Does everything you do feel like it has hidden pitfalls?
Are you surprised by good news, and constantly expecting bad news?
In short, are you always waiting for the other shoe to drop?
I sure am. Not as much anymore–not nearly as much–but it’s still a bad habit of mine.
Because that’s what self-doubt is: A habit.
Instead of worrying about what could go wrong, or the mistakes you haven’t even made yet, why not think about the hundreds of other things that you did do right?
Successes never stick in your memory as much as failures, but that doesn’t negate the fact that your successes still happened.
I think about this because things are going well in my professional life. Really well. I’m starting to achieve some level of mastery.
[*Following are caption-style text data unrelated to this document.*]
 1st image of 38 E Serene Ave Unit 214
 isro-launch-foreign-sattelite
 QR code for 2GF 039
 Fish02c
I’m starting to, for the first time in my legal career, shake the imposter syndrome, that is:
high-achieving individuals marked by an inability to internalize their accomplishments and a persistent fear of being exposed as a “fraud.” Despite external evidence of their competence, those exhibiting the syndrome remain convinced that they are frauds and do not deserve the success they have achieved. Proof of success is dismissed as luck, timing, or as a result of deceiving others into thinking they are more intelligent and competent than they believe themselves to be.
I’ve always felt this way, even as a musician, when I’d have a successful recital, or pass an audition, or play a really good show, and people would compliment my playing even though I thought I was pretty bad.
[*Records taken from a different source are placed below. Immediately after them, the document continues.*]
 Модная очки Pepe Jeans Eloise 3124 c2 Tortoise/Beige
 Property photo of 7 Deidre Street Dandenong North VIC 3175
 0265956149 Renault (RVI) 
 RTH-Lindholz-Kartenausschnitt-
“Are they just saying this to make me feel better?” I’d think. “Are they being nice?”
Why did I think this?
Who knows? I’m no psychoanalyst. Bad experiences growing up? Certain overbearing people inculcating a sense of self-loathing?
At the end of the day, though, WHO CARES?
My message is this: We’re all imperfect, and we’re all going to screw up. Don’t let the past ruin your life.
Personally, being religious, I also put my trust in God. This might not be your bag, and that’s fine.
The point is this: Anything you can use to help ease your anxieties–short of drugs, which I never recommend–should be used.
I’ve found that soliciting feedback from colleagues and supervisors does wonders to ease anxieties. Because if you are on the wrong track, they can let you know before those thing do become real issues.
And if the other shoe does drop? Oh well. There are few mistakes in life that can’t be fixed.
Here’s one final thing to keep in mind:
Maybe, just maybe, you really are good at what you do.